Ok, now we’re speaking the same language
Yes, the actual precipitation + remaining predicted precipitation for today is added to the “bucket” in the precipitation row. If the result at the end of the day (balance + irrigation + precipitation - evapotranspiration) is high enough, watering is pushed back. It’s exactly what’s been happening for a week now, each morning, due to the high precipitation prediction, Rachio decides to push that watering back, only to receive no rain for the day. Then the story repeats the next day. This causes the balance to be a constant 0 (0%).
I have water availability of 0.12 in/in, with root depth set to 6in and allowed depletion set to 50%. This means that the range 0-100% on the chart represents 0.12 * 6 * 0.5 = 0.36". The top 6" of soil can hold 0.72" of water, with the top 50% of that (3") holding 0.36". I understand how the allowed depletion works, it’s a weird choice, but you get used to it. Nozzle precipitation is about 0.52in/h, with an 80% efficiency. This means 0.36" at 80% efficiency and 0.52in/h precipitation rate takes about 50 minutes (0.36 / 0.8 / 0.52 * 60 min). Back to my problem, here are the observed facts:
- Forecast says precipitation is a-coming - albeit at typically 20% chance, for a total of 0.5" or more. 0.36" will make the balance sheet exceed 100% regardless of starting point.
- Rachio trusts that (despite the 20% chance) and assumes rain will compensate a watering skip
- Rain forgets to arrive, no precipitation, leaving the end balance back at 0%
- new day, repeat from step 1.
the lawn is therefore never watered. Even today, Rachio says, based on future forecast, that the next watering is June 21st. Forecast is rain every day, but so it was last week too. Still no rain, except for a 0.01" last night. 1.56" of rain in the last 77 days. Last real rain was 3" on Mar 23rd.
Possible solutions:
- take precipitation chance into account - dunno, maybe apply the chance % to the expected amount? More thought needs to be given here. A 20% chance of rain almost ALWAYS ends in no rain, or 0.01", or TRACE
- once future precipitation prediction was taken into account but not materialized, for the next watering chance, ignore the prediction once, allowing a watering to go through. It seems better to over water than not water at all?

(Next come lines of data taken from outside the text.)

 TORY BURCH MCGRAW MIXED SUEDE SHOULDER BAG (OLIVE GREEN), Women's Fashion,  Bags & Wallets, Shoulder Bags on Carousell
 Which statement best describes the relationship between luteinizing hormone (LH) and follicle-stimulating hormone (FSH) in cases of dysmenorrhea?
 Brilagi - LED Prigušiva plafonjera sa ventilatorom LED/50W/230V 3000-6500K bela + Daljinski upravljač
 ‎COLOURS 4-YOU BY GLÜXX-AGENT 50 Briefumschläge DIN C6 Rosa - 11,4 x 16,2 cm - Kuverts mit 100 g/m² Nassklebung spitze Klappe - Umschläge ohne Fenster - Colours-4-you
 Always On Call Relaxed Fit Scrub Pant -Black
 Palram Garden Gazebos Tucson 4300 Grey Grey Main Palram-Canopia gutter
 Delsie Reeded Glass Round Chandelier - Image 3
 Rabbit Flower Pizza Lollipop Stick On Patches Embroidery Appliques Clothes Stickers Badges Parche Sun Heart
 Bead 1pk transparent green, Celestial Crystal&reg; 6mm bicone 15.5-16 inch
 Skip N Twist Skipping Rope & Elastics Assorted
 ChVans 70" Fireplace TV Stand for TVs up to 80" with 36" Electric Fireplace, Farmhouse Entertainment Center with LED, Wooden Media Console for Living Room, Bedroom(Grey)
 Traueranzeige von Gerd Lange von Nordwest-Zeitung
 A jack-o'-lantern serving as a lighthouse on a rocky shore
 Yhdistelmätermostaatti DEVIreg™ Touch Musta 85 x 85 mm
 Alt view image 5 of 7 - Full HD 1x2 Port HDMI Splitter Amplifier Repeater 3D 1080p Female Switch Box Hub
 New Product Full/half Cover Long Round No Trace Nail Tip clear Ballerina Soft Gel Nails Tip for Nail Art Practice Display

Another example: last Monday, I had watered manually and the 5 zones with new sod were somewhat mid range of moisture levels, with no planned watering for Tuesday (I can only water Tue, Thu, Sun). I had hit Empty on all 5 of them bringing them to 0%, this caused Rachio to show watering the next morning, Tuesday. Went to sleep happy that this is going to work, woke up to only 2 of the 5 actually having watered. What happened was that the precipitation amount expected has changed throughout the morning and each schedule had checked it an hour before it ran. As the predicted amount dropped, the last two schedules in the list of 5 were allowed to go ahead and water. I am using independent Flex Daily schedules for each zone to avoid the problem with end before sunrise, where regardless of how many zones will water, they start at a time as if all would water). I’ve been observing this for a while now, and am pretty sure I understand the workings. Again, Rachio works with the data it has, bad data leads to bad decisions. Let’s try and account for bad data, is what I’m proposing here.